Beginning at the line that holds "Hydraulische Potkrik 2", transcribe each line exactly through the end of the records, and leave any pictures out.

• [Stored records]
*** Block opens ***

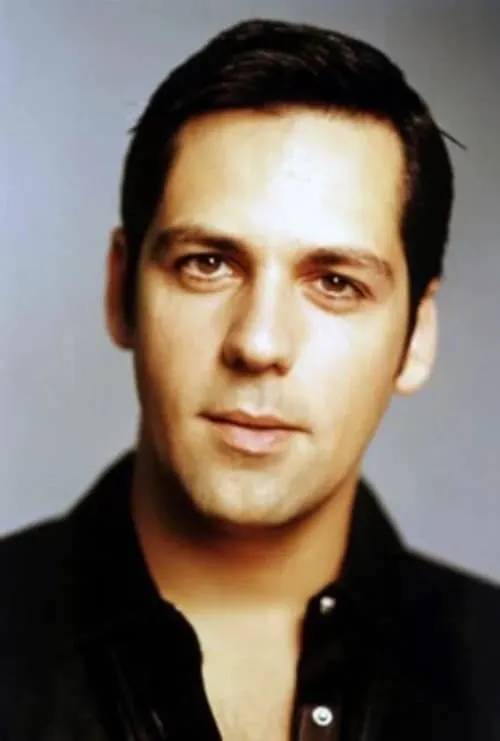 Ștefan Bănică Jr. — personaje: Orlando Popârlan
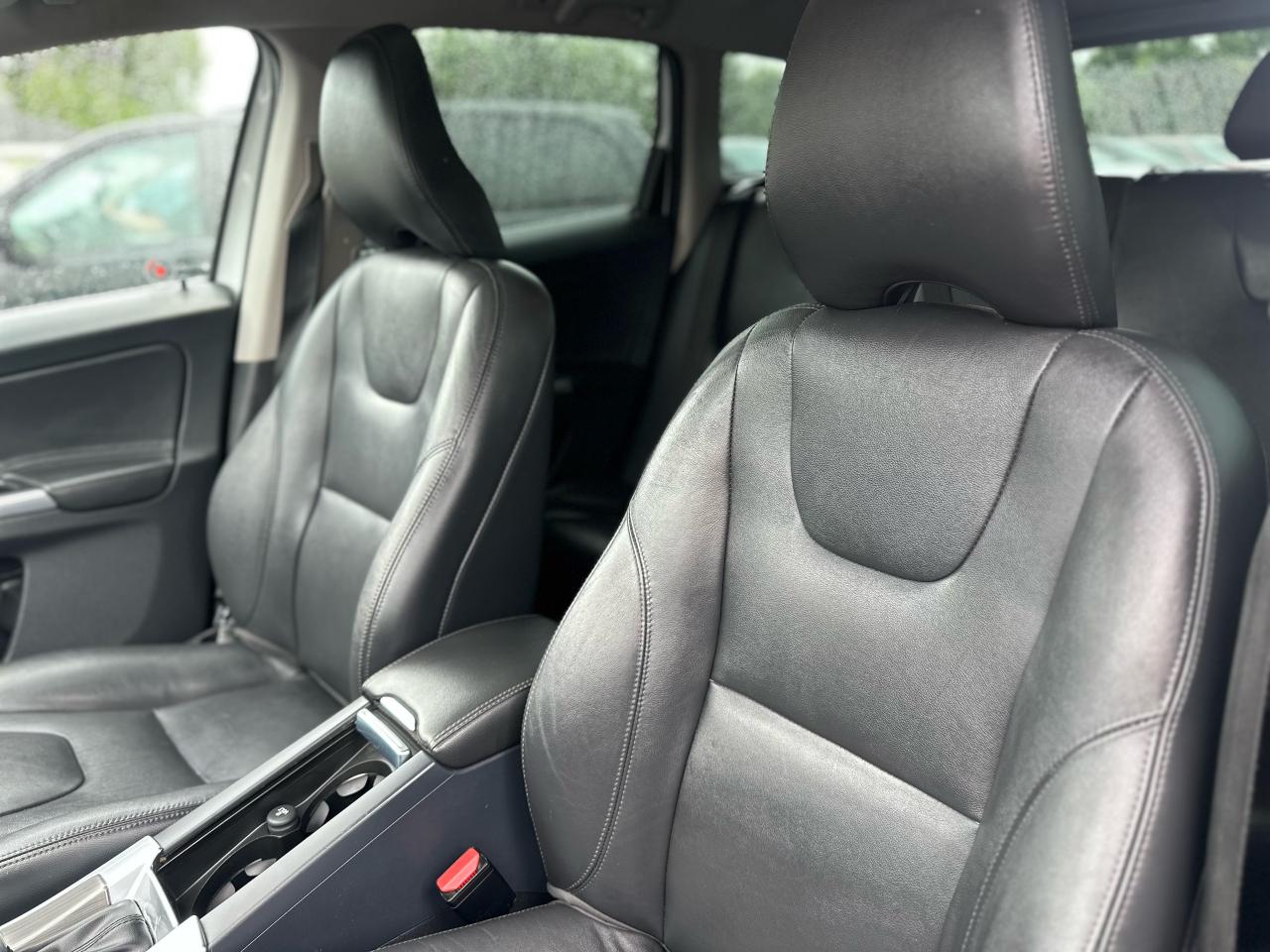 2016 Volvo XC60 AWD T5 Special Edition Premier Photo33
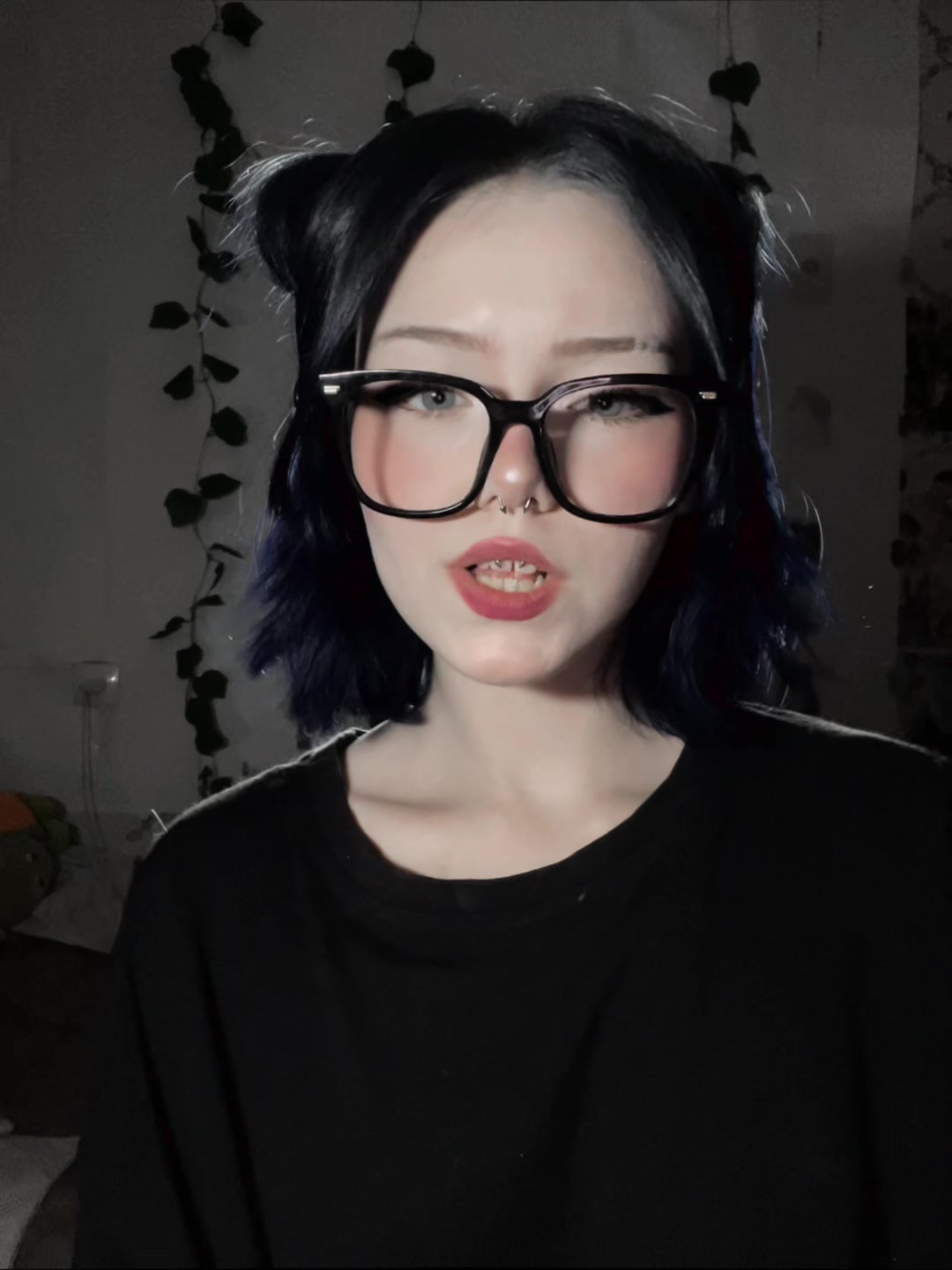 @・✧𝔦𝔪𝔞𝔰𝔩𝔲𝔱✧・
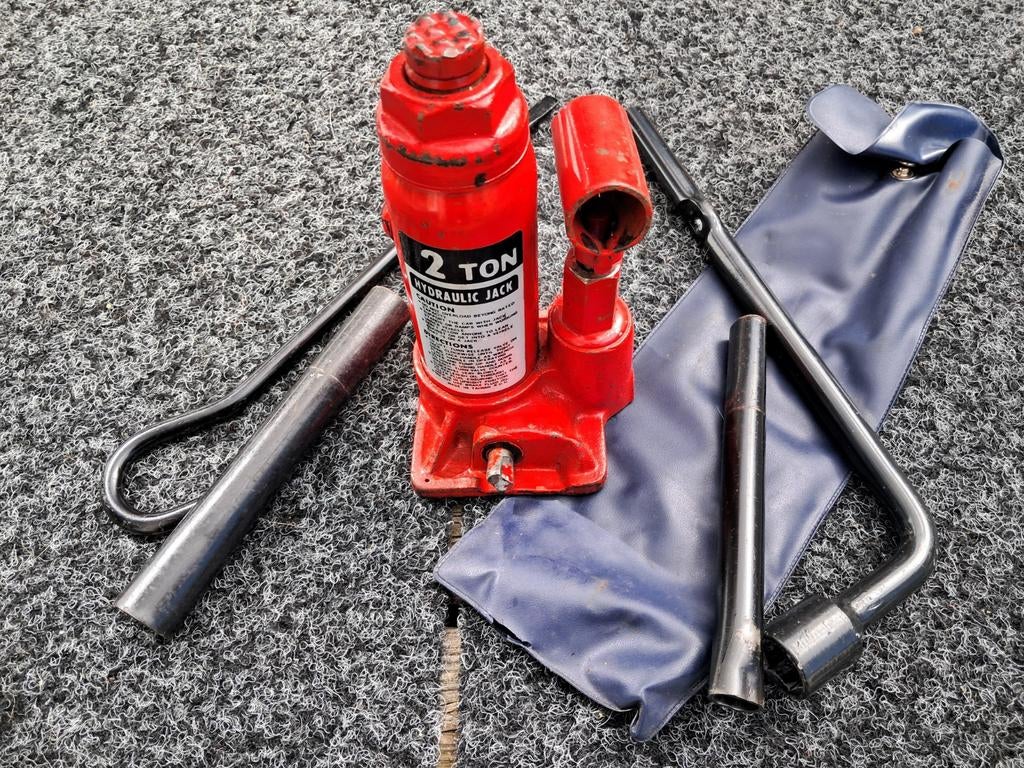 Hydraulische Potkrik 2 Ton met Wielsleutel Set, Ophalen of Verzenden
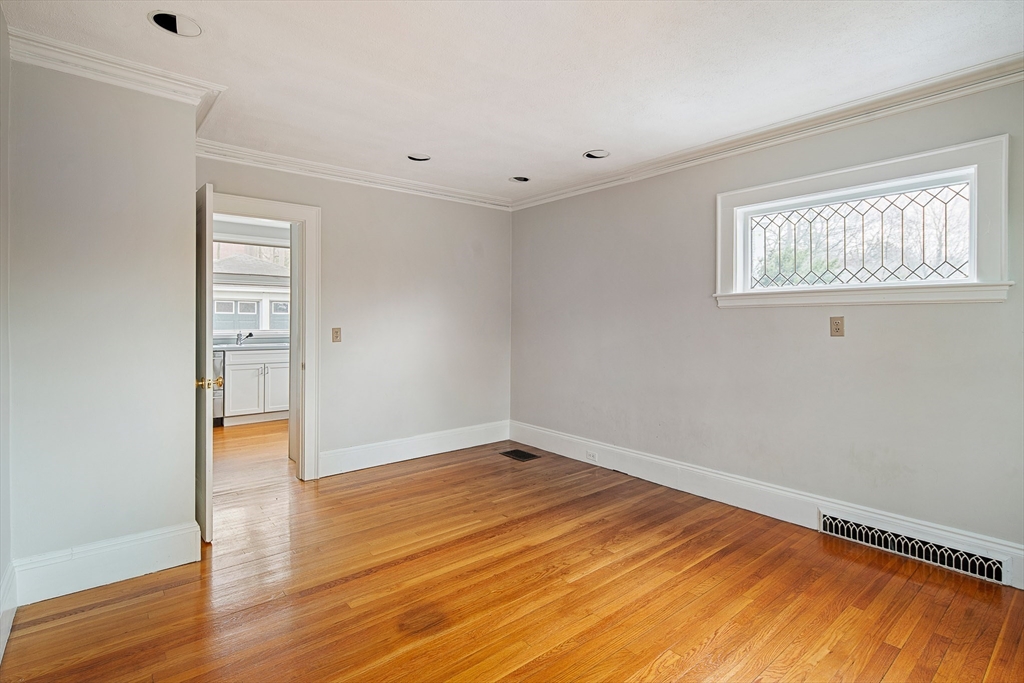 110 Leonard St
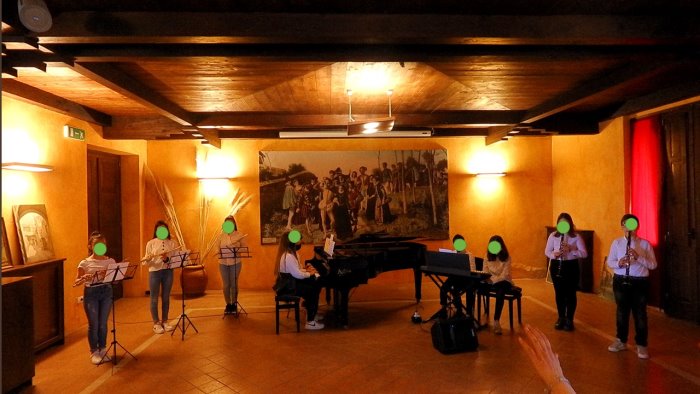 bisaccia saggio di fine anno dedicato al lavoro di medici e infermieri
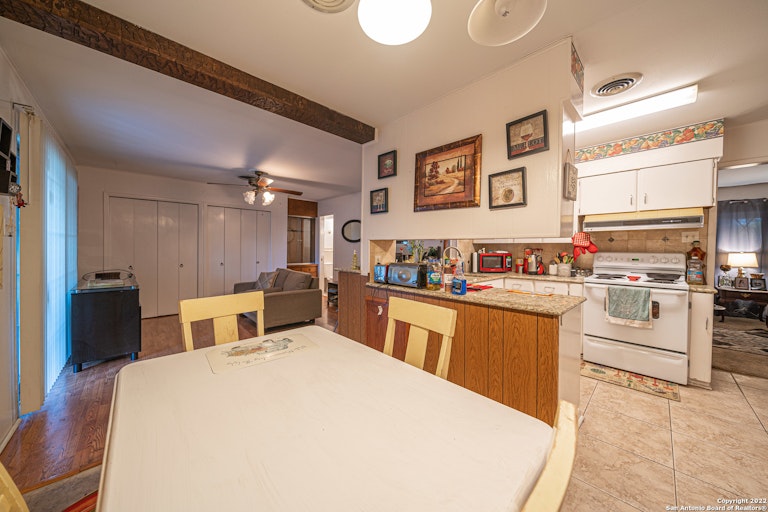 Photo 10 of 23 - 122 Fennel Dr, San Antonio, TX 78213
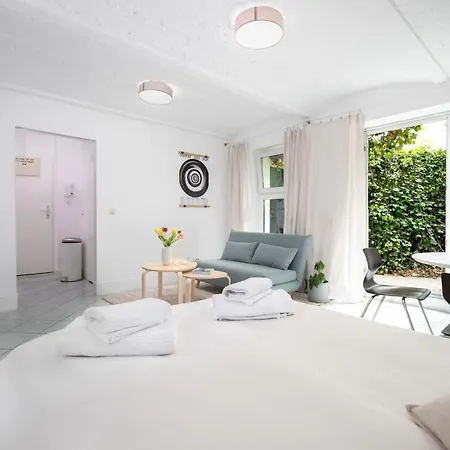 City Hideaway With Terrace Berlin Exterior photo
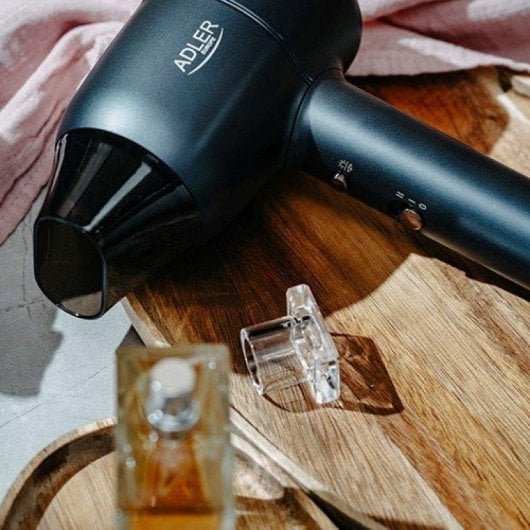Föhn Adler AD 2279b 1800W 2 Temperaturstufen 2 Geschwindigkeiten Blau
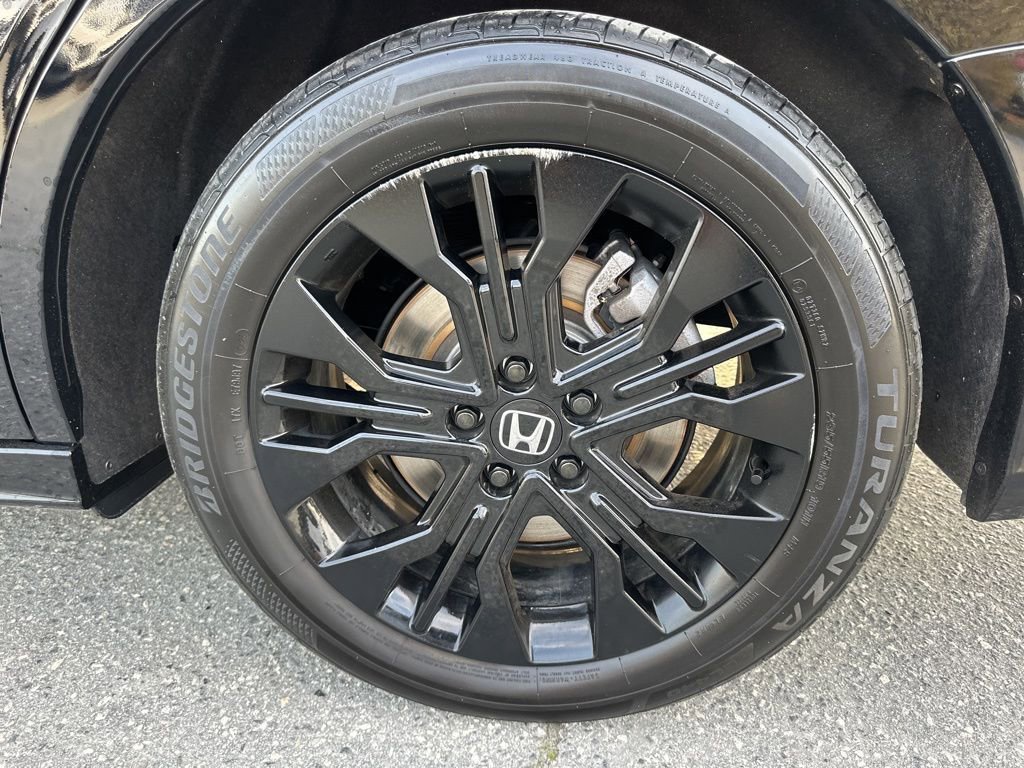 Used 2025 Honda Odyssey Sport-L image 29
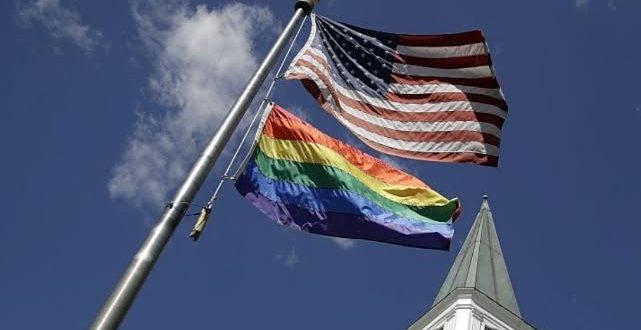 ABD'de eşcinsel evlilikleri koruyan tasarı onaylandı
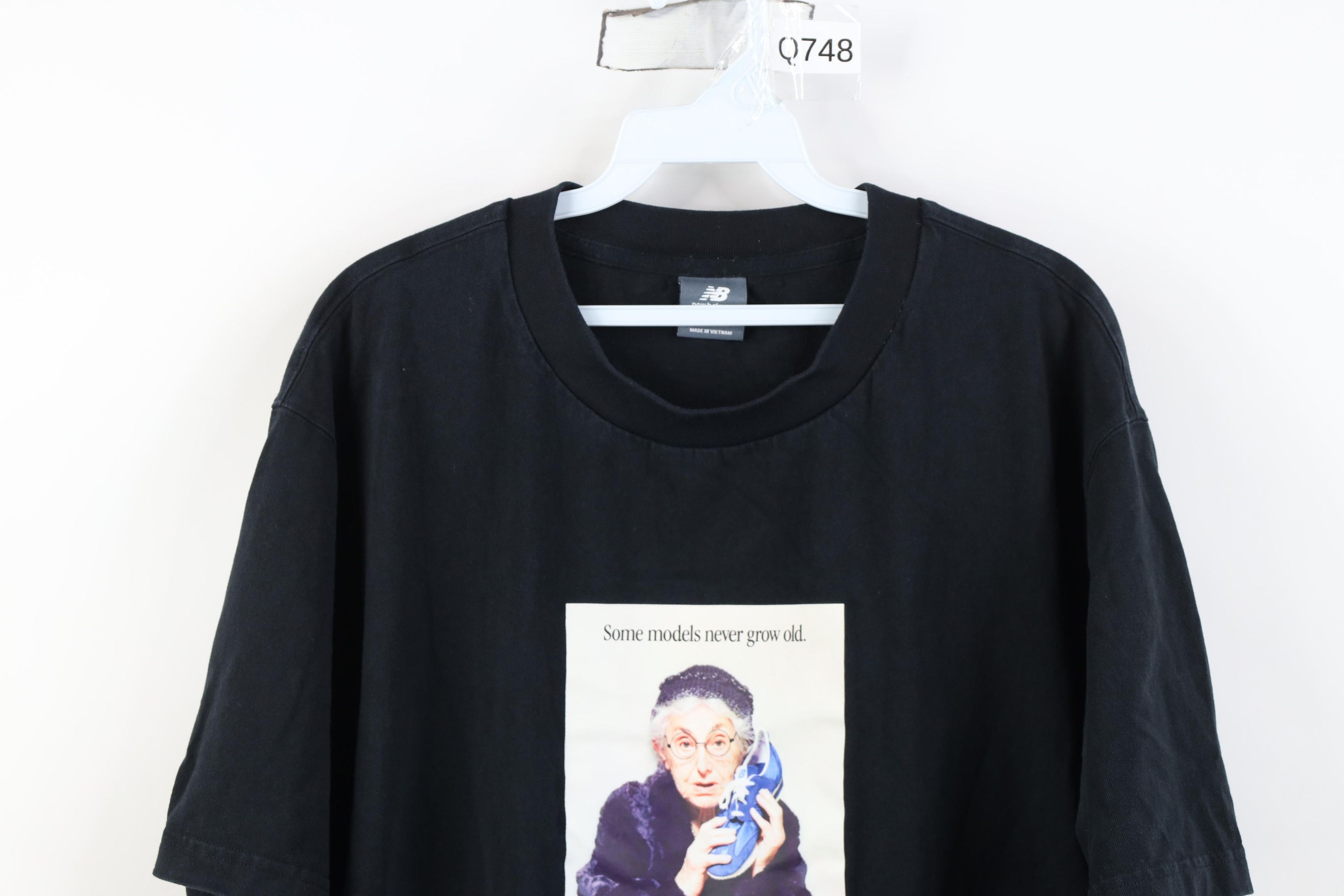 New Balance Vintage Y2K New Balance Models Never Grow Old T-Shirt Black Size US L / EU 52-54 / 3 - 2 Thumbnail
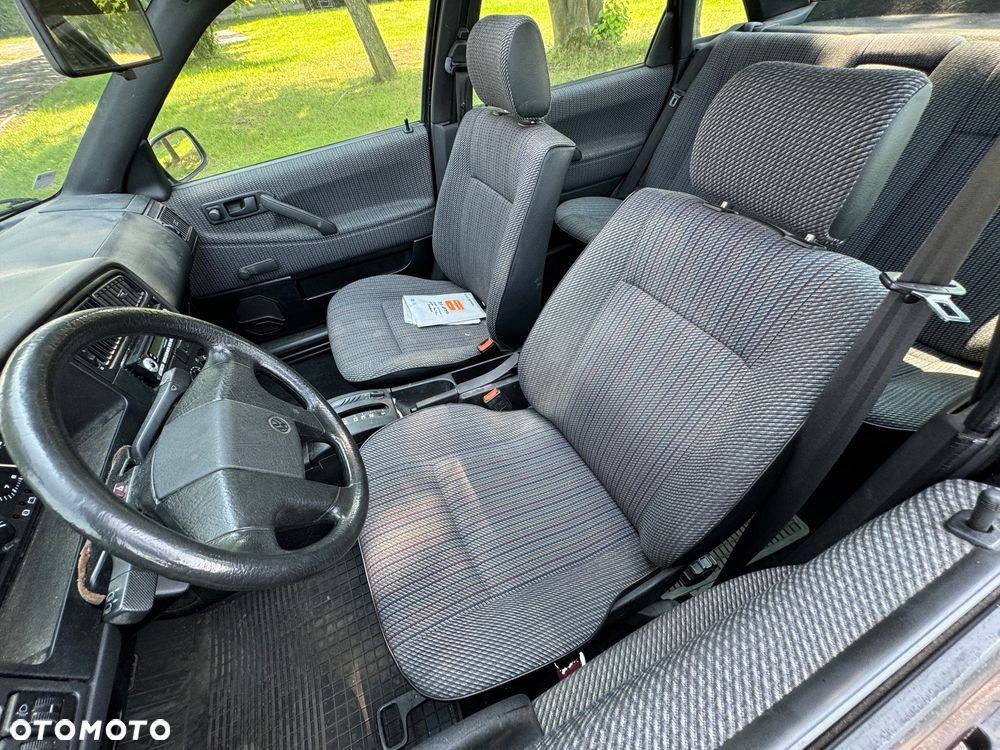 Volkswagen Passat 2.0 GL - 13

*** Block closes ***

• [SOLUTION TO THIS PROBLEM]
 Hydraulische Potkrik 2 Ton met Wielsleutel Set, Ophalen of Verzenden
 110 Leonard St
 bisaccia saggio di fine anno dedicato al lavoro di medici e infermieri
 Photo 10 of 23 - 122 Fennel Dr, San Antonio, TX 78213
 City Hideaway With Terrace Berlin Exterior photo
Föhn Adler AD 2279b 1800W 2 Temperaturstufen 2 Geschwindigkeiten Blau
 Used 2025 Honda Odyssey Sport-L image 29
 ABD'de eşcinsel evlilikleri koruyan tasarı onaylandı
 New Balance Vintage Y2K New Balance Models Never Grow Old T-Shirt Black Size US L / EU 52-54 / 3 - 2 Thumbnail
 Volkswagen Passat 2.0 GL - 13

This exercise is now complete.